• MATERIAL FOR THIS TASK:
----------------------------------------

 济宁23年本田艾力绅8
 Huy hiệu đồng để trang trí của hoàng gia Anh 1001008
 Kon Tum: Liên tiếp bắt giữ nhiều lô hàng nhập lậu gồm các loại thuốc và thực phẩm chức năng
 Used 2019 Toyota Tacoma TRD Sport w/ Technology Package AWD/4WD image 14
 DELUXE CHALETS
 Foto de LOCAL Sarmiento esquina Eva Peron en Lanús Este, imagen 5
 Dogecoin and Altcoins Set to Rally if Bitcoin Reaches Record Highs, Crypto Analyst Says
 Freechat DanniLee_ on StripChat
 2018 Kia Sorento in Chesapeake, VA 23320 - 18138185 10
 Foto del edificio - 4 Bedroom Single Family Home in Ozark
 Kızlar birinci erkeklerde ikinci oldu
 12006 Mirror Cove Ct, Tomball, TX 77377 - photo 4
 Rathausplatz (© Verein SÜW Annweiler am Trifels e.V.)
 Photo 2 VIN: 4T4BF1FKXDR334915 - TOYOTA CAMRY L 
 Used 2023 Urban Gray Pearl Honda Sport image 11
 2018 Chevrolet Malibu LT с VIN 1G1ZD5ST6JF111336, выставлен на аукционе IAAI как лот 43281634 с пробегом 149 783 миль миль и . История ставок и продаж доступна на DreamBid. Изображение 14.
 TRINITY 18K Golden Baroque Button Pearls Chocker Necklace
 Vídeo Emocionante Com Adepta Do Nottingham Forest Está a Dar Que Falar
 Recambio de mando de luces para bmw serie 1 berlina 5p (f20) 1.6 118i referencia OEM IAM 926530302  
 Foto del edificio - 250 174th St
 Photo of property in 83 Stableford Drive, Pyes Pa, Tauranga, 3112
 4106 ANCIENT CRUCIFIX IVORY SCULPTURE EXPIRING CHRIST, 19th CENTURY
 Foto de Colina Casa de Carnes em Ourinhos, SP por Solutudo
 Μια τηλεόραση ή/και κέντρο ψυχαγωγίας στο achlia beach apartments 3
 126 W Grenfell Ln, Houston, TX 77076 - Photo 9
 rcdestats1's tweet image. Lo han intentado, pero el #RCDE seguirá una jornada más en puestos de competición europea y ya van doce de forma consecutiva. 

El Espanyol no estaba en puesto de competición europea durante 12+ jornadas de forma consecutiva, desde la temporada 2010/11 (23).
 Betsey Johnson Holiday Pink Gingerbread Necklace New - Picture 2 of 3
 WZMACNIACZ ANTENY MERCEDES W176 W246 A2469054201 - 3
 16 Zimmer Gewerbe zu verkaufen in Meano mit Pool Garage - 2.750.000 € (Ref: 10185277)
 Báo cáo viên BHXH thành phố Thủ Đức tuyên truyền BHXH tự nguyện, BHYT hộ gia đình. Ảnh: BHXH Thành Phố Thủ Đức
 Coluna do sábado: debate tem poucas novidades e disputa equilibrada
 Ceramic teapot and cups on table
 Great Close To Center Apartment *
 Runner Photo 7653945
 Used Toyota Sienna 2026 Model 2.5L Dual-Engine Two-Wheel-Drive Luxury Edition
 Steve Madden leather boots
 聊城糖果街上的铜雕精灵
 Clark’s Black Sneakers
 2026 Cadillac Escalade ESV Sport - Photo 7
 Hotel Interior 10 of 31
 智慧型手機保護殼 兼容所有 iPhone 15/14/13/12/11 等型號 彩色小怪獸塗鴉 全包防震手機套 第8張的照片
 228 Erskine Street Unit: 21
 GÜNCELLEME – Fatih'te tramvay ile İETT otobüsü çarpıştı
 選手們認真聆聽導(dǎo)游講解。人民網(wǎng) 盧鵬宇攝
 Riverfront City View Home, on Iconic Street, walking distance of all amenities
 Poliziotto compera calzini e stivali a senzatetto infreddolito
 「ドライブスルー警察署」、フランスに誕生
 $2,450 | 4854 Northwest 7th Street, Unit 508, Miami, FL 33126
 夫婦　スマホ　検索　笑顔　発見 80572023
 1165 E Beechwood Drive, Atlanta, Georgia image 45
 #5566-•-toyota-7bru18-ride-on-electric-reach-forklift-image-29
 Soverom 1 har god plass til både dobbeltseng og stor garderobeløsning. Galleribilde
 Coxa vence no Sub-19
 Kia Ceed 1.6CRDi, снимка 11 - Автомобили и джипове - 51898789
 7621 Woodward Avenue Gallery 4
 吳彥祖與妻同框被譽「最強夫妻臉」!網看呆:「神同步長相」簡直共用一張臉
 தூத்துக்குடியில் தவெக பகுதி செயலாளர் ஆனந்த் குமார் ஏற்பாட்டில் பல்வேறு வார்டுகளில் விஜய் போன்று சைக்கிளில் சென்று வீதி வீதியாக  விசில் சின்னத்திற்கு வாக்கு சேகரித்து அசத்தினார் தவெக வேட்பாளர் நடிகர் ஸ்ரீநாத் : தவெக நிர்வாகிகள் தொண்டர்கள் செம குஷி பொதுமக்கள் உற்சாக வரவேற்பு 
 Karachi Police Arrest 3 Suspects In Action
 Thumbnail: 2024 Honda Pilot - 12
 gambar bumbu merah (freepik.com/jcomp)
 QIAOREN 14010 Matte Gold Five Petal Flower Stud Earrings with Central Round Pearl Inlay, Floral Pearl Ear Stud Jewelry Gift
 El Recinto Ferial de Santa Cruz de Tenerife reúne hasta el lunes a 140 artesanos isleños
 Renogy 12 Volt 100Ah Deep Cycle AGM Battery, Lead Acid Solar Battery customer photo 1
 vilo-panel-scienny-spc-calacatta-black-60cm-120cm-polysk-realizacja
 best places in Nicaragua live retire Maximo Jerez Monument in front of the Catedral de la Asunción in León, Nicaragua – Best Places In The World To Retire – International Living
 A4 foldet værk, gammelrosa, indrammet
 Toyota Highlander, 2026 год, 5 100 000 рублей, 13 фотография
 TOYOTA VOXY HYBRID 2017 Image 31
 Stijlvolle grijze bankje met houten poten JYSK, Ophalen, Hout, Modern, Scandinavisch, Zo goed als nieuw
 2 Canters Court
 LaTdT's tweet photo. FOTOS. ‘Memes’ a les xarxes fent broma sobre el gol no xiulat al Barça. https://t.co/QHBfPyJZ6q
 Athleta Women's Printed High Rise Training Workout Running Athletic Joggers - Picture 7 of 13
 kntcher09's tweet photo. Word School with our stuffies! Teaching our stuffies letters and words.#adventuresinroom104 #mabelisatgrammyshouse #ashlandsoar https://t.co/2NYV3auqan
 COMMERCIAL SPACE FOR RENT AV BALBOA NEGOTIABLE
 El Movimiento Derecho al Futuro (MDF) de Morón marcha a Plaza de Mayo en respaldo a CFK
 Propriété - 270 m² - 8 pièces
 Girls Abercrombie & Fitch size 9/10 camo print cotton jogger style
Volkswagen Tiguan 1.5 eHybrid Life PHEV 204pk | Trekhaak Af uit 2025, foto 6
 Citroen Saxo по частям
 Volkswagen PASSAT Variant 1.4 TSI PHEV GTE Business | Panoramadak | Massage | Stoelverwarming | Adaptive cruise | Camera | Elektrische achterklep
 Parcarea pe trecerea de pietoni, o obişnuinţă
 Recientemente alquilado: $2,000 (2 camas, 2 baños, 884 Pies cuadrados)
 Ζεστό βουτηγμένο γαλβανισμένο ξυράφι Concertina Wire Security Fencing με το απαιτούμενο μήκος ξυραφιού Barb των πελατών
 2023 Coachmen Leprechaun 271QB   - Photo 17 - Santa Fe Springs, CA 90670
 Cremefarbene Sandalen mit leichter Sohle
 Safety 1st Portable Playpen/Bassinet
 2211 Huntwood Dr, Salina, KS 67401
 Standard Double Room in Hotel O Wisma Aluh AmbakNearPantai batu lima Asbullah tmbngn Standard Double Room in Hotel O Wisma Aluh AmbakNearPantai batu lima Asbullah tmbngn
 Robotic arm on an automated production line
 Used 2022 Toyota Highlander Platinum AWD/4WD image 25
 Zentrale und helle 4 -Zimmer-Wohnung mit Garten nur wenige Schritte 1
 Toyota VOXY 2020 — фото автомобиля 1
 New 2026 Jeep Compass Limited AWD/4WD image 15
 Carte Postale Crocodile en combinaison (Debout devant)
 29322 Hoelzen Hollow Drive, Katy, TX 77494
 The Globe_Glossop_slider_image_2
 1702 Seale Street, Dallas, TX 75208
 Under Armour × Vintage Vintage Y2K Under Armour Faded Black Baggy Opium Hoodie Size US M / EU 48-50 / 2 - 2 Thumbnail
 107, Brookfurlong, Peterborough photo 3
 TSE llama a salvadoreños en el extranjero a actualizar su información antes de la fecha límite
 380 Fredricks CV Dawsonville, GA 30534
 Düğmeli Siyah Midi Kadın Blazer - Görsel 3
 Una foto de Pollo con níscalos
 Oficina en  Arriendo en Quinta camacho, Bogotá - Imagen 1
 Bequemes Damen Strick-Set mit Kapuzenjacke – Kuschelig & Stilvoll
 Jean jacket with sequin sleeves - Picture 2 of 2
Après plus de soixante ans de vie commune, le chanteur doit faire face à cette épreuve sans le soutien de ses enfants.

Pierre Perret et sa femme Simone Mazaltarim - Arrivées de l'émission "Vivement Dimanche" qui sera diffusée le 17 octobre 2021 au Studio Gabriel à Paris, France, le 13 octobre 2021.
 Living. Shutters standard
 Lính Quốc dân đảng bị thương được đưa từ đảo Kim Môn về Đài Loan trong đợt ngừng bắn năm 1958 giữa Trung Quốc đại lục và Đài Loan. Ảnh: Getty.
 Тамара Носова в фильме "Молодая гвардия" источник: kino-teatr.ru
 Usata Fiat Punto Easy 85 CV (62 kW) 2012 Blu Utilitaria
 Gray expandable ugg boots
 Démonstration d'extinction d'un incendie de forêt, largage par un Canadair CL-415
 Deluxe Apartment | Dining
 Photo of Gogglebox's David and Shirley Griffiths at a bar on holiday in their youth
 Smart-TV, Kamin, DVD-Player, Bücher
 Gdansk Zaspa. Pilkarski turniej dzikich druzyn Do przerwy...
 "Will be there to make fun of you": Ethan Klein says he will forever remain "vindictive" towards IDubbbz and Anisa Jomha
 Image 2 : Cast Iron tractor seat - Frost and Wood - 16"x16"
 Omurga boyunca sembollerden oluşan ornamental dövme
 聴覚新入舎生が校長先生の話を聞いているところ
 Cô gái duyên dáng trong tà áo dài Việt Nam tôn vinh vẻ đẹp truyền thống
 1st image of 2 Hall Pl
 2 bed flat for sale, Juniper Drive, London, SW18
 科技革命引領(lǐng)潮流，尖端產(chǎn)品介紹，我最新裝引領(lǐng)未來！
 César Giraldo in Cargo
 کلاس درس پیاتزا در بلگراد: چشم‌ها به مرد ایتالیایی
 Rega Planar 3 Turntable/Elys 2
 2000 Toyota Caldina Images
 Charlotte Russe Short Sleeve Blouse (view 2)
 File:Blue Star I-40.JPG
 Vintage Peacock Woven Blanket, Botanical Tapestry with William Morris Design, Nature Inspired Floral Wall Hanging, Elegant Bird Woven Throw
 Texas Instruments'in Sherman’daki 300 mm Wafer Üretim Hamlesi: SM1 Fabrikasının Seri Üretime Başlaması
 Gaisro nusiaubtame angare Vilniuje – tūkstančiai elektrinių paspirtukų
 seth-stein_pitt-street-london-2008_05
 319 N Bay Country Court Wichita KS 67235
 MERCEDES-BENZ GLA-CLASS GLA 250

----------------------------------------

• WORK INSTRUCTIONS:
Each line of the records, from the opening one through the line holding "DELUXE CHALETS", should be restated word for word, with nothing else in the answer.

• ANSWER BOX:
 济宁23年本田艾力绅8
 Huy hiệu đồng để trang trí của hoàng gia Anh 1001008
 Kon Tum: Liên tiếp bắt giữ nhiều lô hàng nhập lậu gồm các loại thuốc và thực phẩm chức năng
 Used 2019 Toyota Tacoma TRD Sport w/ Technology Package AWD/4WD image 14
 DELUXE CHALETS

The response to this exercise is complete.